Workplace Mental Health Strategies That Actually Work: Insights from Aino and Mindler

Mar 12

Mental health challenges have become one of the greatest work‑life issues of our time. We read about them in the media almost daily, we encounter them in our organizations, and many of us have personal experiences of how declining mental well‑being affects both everyday life and work ability. The WHO estimates that mental ill‑health will be the leading cause of disease globally by 2030, and in Sweden, it accounts for more than half of all long‑term sick leaves. At the same time, nearly half of people struggling with mental health issues say stigma makes it difficult to talk about their problems with others.

During our recent webinar with psychologist Louise Lind from Mindler and myself (Marc Blomgren) from Aino, we gained deeper insights into how today’s working life is affected and how employers can make a concrete difference. One of the most important messages was that mental health isn’t a black‑and‑white issue.
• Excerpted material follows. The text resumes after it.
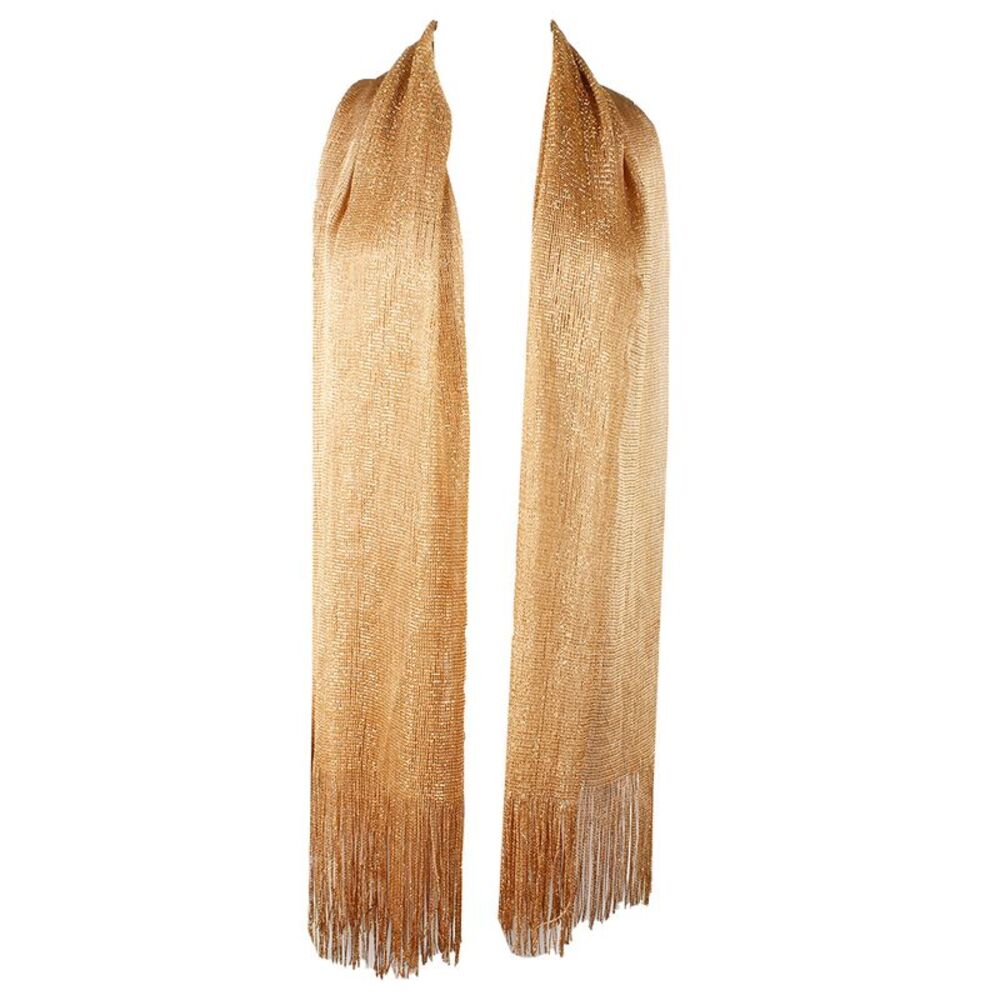 DBFL Ladies Metallic Shimmery Fringed Mesh Evening Scarf Gold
We are not either "ill" or "healthy." We all move along a continuum where well‑being and psychological challenges coexist and change over time. This insight is crucial because it helps us recognize early signs before issues grow large.

Young Adults – A Generation Carrying More Than Previous Ones?

In the webinar, we focused particularly on young adults, the group that stands out the most in both Swedish and international statistics. Louise shared that 80% of young patients at Mindler report reduced work ability due to mental health issues, compared with 70% among those over age 56. Data from the National Board of Health and Welfare shows that the proportion of children and young people receiving care for mental health problems has doubled since 2010, and demand continues to grow faster than healthcare’s capacity to meet it.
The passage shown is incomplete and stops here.